Software Lifecycle Integration puts the “L” in Application Lifecycle Management
The element lacking here is not necessarily the desire to manage the application development and delivery process, but the ability to do so. Organizations are prevented from having a holistic lifecycle view because their tool infrastructure is comprised of disparate products intended to maximize the efficiency of one (or two) of the functional teams within the broader organization.
For many organizations, the promise of ALM implies the adoption of one tool, or one tool suite. This allows normalization of information across different disciplines and supports common reporting and analytics. Vendors add to this idea with clear marketing and sales collateral describing how ‘all your development problems will be solved when you move to Tool X’. However for many organizations, the reality is much more complex than any one tool can solve. Add to that emerging platforms such as mobile, cloud, and open source and your tool landscape will always be complex.
Heterogeneous tools stacks are the reality. Integration among them is required.
Still, “integration” isn’t simply a point-to-point connection between two systems. The kind of integration providing the pan-organizational visibility that underlies true process improvement requires:
- A common data model across all disciplines to accommodate for the disparities in the artifacts they produce.
- Adding flow to the model – Because the practice of ALM is cross-tool, and work moves between tools, it is important movement from one tool to another is captured in terms of the transitions. For example, if tickets move from a service desk into development, capturing that transition is key for understanding the queue from operations to development.
- An understanding of projects, products, and releases – In many organizations, the terms application, product, project, and release are often used interchangeably, leading to confusion. With no industry-wide consensus on their exact meanings, each company needs to create its own unequivocal definitions for each. To effectively report on ALM, there needs to be a clear definition of both the assets and the temporal elements of any data model.
- Resources / users and teams – When marrying the PPM, development, and operations worlds, understanding who is working on what is important for reporting and analytics. For many organizations the structure of user names, team IDs, and even department codes are differently by each team. Introducing a consistent approach to users across tool boundaries enables reporting and analytics, but also helps ensure governance and controls are more effective.
Enabling this Software Lifecycle Integration across disciplines and tools will provide the kind of infrastructure necessary for organizations to automate and report on their key business process of software development and deployment.

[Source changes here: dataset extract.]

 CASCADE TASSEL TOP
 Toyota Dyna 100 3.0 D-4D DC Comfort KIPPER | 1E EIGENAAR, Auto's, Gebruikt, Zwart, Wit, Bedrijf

For many organizations, the lack of an integrated software delivery practice means the difference between project success and failure. It is time to apply Lean thinking to the practice of software delivery and make the creation and maintenance of software flow from idea to implementation, removing disconnects and enabling real-time collaboration. It is time to create a discipline focused on connecting the end-to-end practice of software delivery. That discipline must provide the materials necessary to connect the practice of software delivery; creating integration architecture, process, and measurement approaches for software delivery professionals to deliver software faster and remove the waste plaguing the practice.